Nonetheless, these MiniScribe 8xxx-series drives were extremely popular in the '80s because they were among the first 3½" hard drives to be widely available at a low price.
 
no its an MFM drive with some proprietary WD1002 controller. or some shit piggy backed on the bottom of the drive. which uses an IDE-like cable that runs back to the ISA card. the drive has 2 cables comming out into this board. and this board has 1 cable going to the ISA card. dont know, something compaq used.

Anyway... the drive is shot. used the dos Drive Manager, and all sectors were bad. either hte heads crashed or the platters are shot.
 
The Portable II is a 286, so you should be able to rip out that proprietary stuff and use a standard IDE-AT drive and controller.

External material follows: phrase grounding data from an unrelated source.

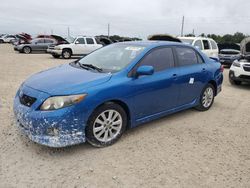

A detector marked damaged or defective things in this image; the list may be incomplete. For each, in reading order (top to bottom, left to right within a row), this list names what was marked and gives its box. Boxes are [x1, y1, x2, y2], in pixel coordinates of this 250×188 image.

damaged front bumper [13, 84, 87, 148] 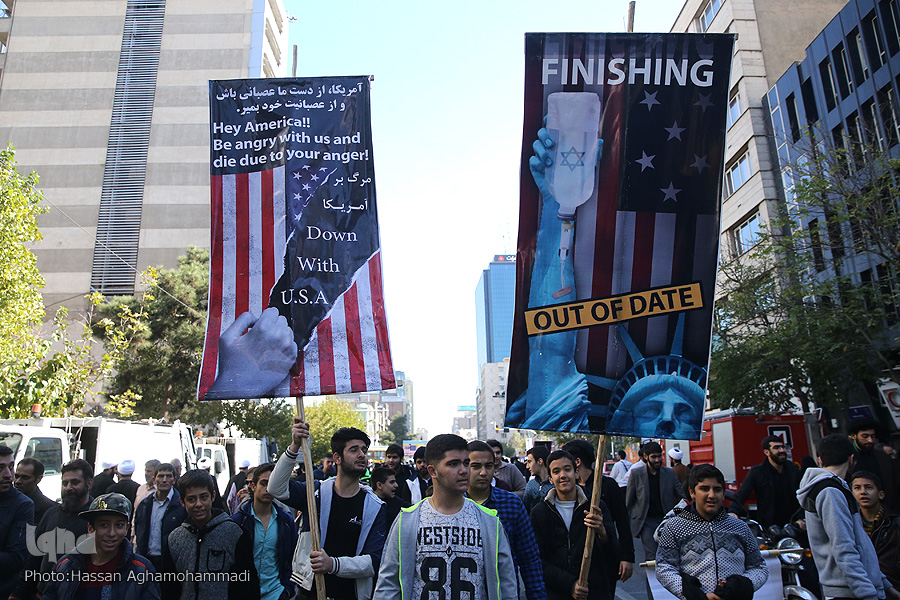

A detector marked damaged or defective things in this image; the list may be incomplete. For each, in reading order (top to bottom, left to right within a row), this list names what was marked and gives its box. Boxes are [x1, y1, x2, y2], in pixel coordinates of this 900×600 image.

torn american flag image [199, 77, 396, 400]
torn american flag image [502, 32, 736, 438] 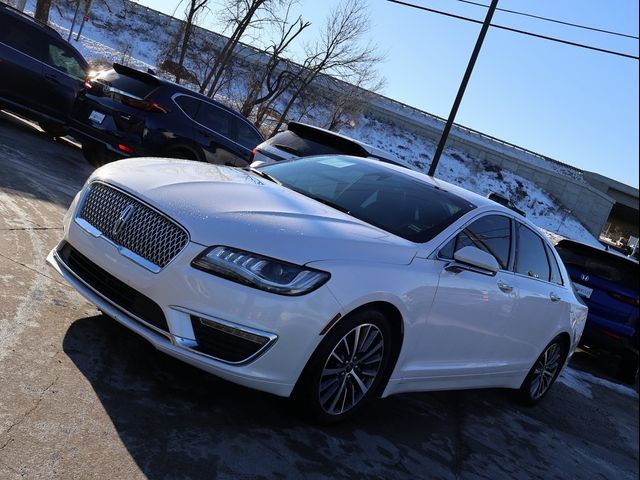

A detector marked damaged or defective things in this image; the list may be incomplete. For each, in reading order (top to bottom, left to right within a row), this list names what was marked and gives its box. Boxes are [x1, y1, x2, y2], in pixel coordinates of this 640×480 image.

cracked pavement [0, 110, 636, 478] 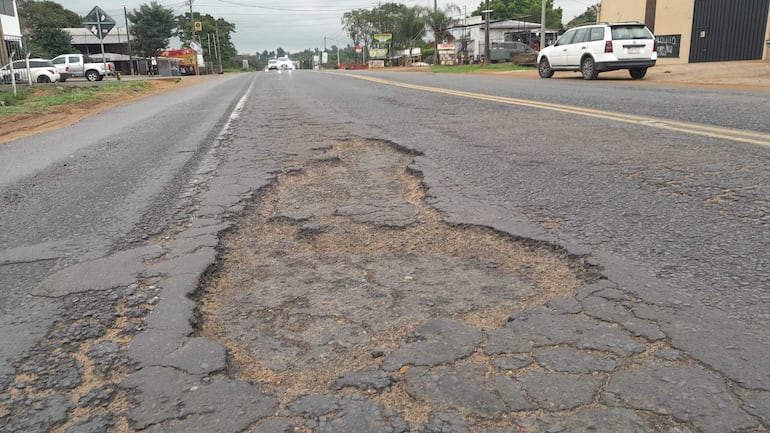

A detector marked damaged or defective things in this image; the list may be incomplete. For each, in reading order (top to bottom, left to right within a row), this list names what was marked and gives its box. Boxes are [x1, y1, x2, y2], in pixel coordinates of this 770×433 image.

large pothole [198, 139, 588, 408] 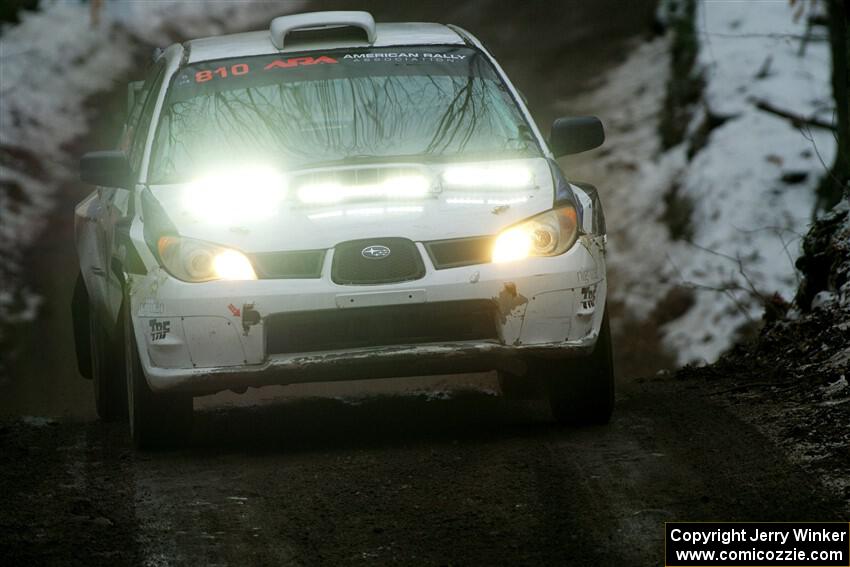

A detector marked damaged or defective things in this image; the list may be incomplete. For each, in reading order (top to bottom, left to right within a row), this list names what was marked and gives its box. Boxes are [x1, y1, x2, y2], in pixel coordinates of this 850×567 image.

damaged bumper [126, 242, 604, 398] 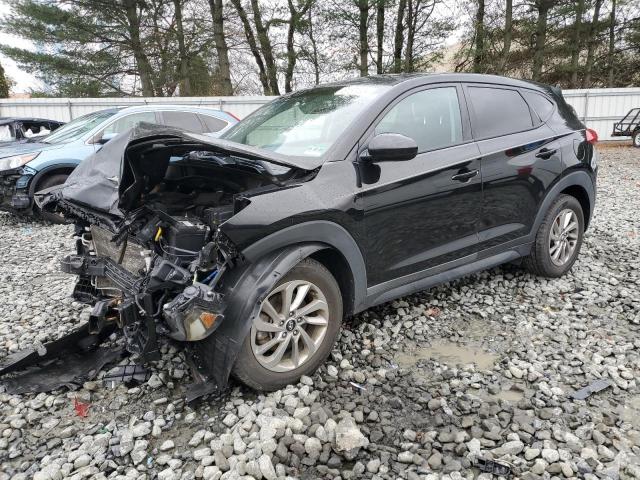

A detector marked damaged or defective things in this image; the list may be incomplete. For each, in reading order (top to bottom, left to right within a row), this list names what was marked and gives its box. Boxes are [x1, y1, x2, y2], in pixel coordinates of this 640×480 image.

You might need a controller with an onboard BIOS to support anything larger than what the Compaq's predefined drive types allow (usually only up to 100 MB or so).
 
yup, sounds to me like the R/W heads keep smacking into the inside wall of the drive because it can't find address mark 0.

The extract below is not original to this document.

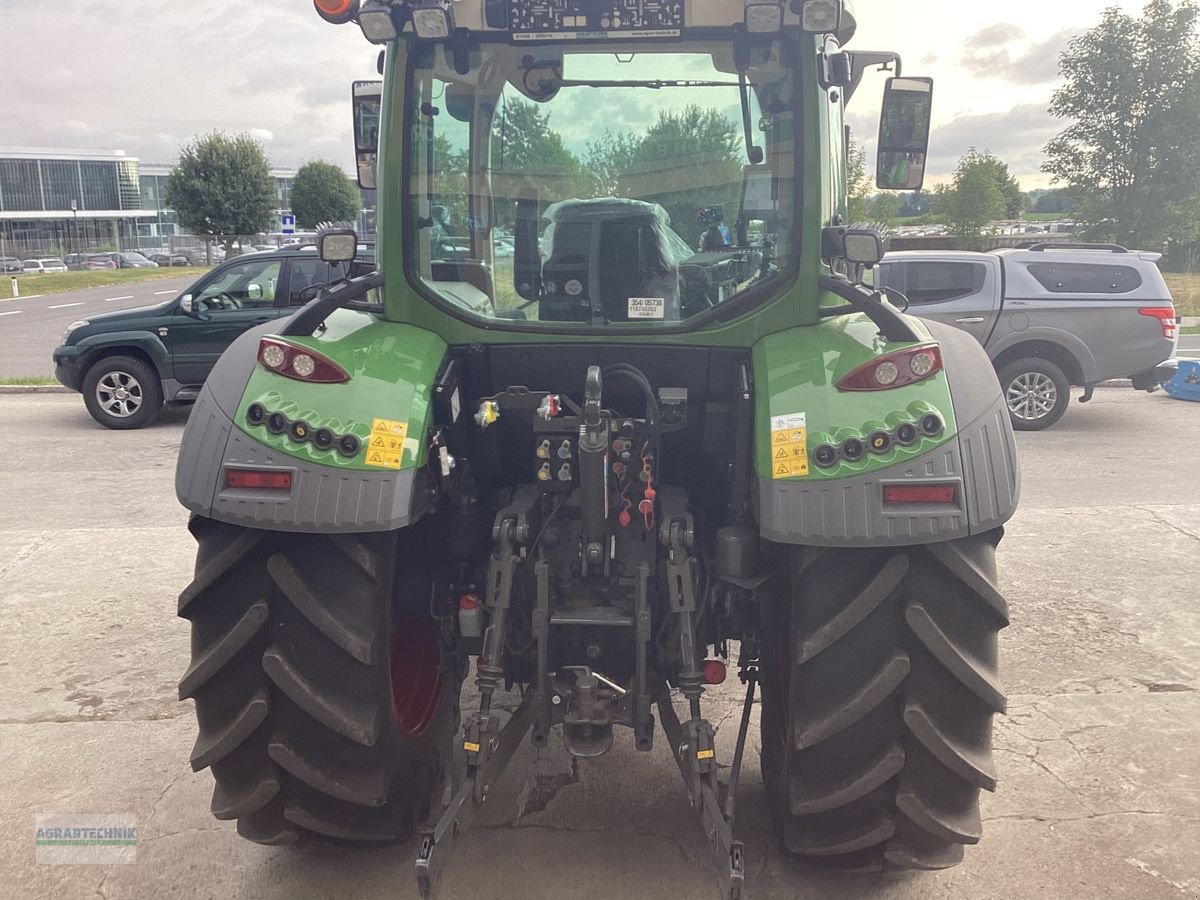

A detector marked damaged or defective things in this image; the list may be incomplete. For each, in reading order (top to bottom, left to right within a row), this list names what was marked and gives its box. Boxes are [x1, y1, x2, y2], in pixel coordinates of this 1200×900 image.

cracked concrete pavement [0, 388, 1195, 900]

it's basically the same thing i did when i was back in high school waiting for class to end... smacking my head against the wall.

i agree with vwestlife, try a regular IDE controller. if it IS a 286, that's great because you can use any old 16-bit ISA disk controller. they're literally a dime a dozen. go on eBay or even just a google product search, you'll find a ton of them for under 10 and even under 5 dollars... many of them still in the original shrink wrap.

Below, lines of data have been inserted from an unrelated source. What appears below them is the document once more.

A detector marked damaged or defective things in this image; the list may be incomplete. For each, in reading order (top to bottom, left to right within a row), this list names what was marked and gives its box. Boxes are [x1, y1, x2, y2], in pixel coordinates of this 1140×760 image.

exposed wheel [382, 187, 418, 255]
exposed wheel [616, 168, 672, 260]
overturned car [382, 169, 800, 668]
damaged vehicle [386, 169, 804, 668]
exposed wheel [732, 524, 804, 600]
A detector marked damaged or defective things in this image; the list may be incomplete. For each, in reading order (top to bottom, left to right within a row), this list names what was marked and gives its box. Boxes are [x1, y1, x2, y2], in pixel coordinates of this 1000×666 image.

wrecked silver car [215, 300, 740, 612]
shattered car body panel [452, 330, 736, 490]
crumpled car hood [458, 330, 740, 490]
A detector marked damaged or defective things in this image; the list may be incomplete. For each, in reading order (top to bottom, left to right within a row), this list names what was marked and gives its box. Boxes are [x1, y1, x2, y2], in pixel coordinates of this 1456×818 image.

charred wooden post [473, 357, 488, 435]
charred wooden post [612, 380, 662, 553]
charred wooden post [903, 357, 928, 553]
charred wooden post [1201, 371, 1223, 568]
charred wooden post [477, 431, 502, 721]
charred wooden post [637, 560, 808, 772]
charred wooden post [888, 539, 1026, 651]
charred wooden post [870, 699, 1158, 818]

that is the one thing i really hate the most about XT systems. you have to scour the globe for an 8-bit IDE controller and pay top dollar because they're so rare, otherwise you are going to be looking for another 20 year old MFM drive when the one you have in it goes belly-up. you may or may not get one that is still working. if it is working, it might just blow up a month later. it's a crap-shoot.
 
that is the one thing i really hate the most about XT systems. you have to scour the globe for an 8-bit IDE controller and pay top dollar because they're so rare, otherwise you are going to be looking for another 20 year old MFM drive when the one you have in it goes belly-up. you may or may not get one that is still working. if it is working, it might just blow up a month later. it's a crap-shoot.
Generally the MFM/RLL drives that are still working fine today are the survivors; the flakey ones have all bit the dust years ago. I've had the best luck with Seagate. Their old hard drives almost always either work fine or don't work at all. On the other hand, MiniScribe drives have been terribly flakey for me; they'll seem to work at first, but then problems like bad sectors and/or stiction will get worse and worse until the point that the drive is no longer usable.
 
Generally the MFM/RLL drives that are still working fine today are the survivors; the flakey ones have all bit the dust years ago. I've had the best luck with Seagate. Their old hard drives almost always either work fine or don't work at all. On the other hand, MiniScribe drives have been terribly flakey for me; they'll seem to work at first, but then problems like bad sectors and/or stiction will get worse and worse until the point that the drive is no longer usable.

that's very strange, i hear that from everybody about seagate vs miniscribe.

my experience has been the exact opposite. i have a seagate ST-251 that stopped working many years ago, but the miniscribe i have still kinda works... i think i need to LLF it though... it's been acting up lately. i don't trust it these days.

for kicks, i tried hooking that seagate up again a few weeks ago but all it does is click and buzz until i get an HDD failure message.
 
you know something. i had an old mac SE burried in the corner that still starts up and boots fine.

Took out the hard drive, and its the exact same miniscribe. 8425. haha.

but the problem is, its got a SCSI mainboard instead of MFM mainboard, but since they are the same drive, i swapped the controllers from the other drive. same problem. so i know for a fact its a failed drive controller board on the drive itself. so i stuck my SCSI board back on the miniscribe drive and stuck in my ISA SCSI card i had laying around.

the problem is, the SCSI card doesnt have a bootrom. :-( so i have to load a dos driver from a disk before itll see the card. only problem is, i dont have a dos driver. AVA-1505. any ideas?